The confining restrictions that we all hear about, Mr. Breen and the Hayes Production Code that strangled Hollywood with mundane rules such as no kisses lasting longer than 5 seconds, did not, contrary to popular belief, make old movies "boring." Instead they challenged the filmmakers to come up with a story that was both entertaining and accessible. The work of Billy Wilder and Alfred Hitchcock clearly show how any story worth telling can be made, and quite often be more entertaining and more stimulating because of what you don't see. Today's level of violence is to the point where nothing's shocking, and kids have seen it all, thanks to the media. What can Cinema bring to scare audiences with that isn't already being plastered all over our television in hopes of ratings? Back in the 40s, a skirt blown above the knee or a gun being shot was enough. We didn't even need blood! All of these things however, the steady position that the studios offered, the larger audience and subsequent stardom, the better stories, everything, is a shadow behind what I, being a man, feel is the best thing about the 40s: The Women.

They were smart, they were sensual but never obscene, they had wit as well as looks, they had fashion, they had style, and most of all, they were talented. Now I know that many of the leading ladies of the 40s were productions, taught and trained to be that way by studio finishing schools. But who cares? Rita Hayworth, whatever she was before 1946, was Rita Hayworth star of Gilda afterward. Even through the luminous black and white, I can still see her blazing red hair flowing from her glittering eyes and sensible cheeks. Yes, Bette Davis can outsmart me; yes, Joan Crawford can make me do whatever she wants me to; and yes, Katharine Hepburn can out duel me in debate. So? I like it! Julia Roberts will do as a neighbor but does she command the audience of every room she enters? Do her eyes burn with Lauren Bacall's fire? I think not. Can Meryl Streep handle the attention that comes to a woman like Barbara Stanwyck? Not likely. Can Jodie Foster keep up with Jean Arthur? Doubtful.
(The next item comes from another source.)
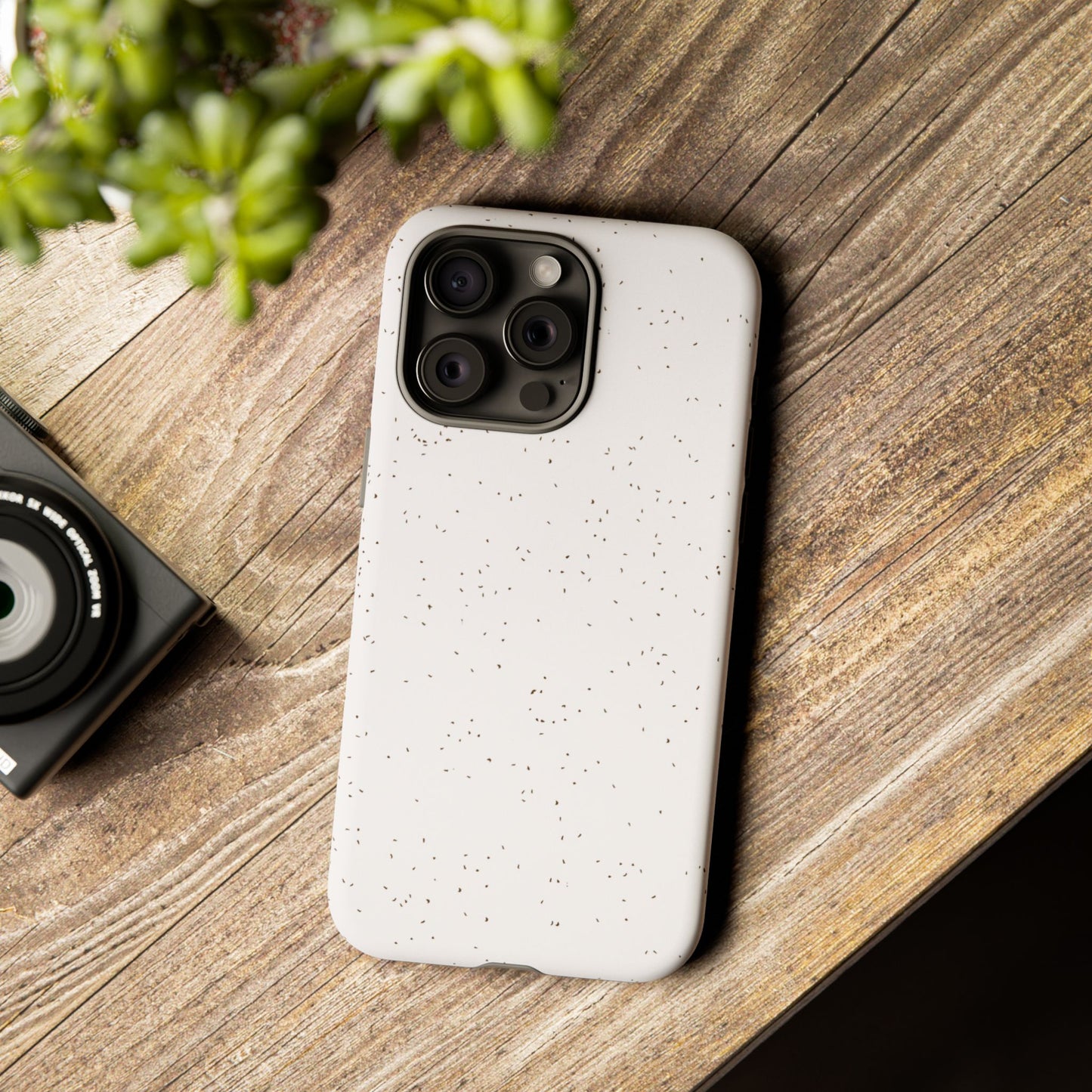 White Speckle Airi Case | Tough Phone Case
All of these women hold more life, more spirit, and more joy than any of their contemporaries. Just filling a list of adequate replacements, not of girls next door or high school sweethearts but real Stars, gives me trouble.

Cinema was simpler back then, people knew what they liked and Hollywood knew how to deliver. There was no indecision that plagues us today, and it shows in films such as Casablanca and Gone With the Wind. Yet let it not be said that all films made during the Golden Age were factory-assembled. Some of the greatest, most personal films of all time had opportunity to surface (look to Ford's 'The Quiet Man' or Wyler's 'The Best Years of our Lives' for proof), while at the same time entertain audiences.

So instead of watching today's mediocrity, I have a tendency to escape back to a period where film was not only good, it was exciting. All these masters creating all of this work, all to be absorbed through the eyes like a dream, a fantasy not controlled by you. An emotional scenario played out by people you want to be. That era is unfortunately over. We've all waken up from that dream. Today we are in business, wading through mediocrity, mistaking failures as stylistic masterpieces just because it's been so long since any real style has shown itself. We need a History lesson.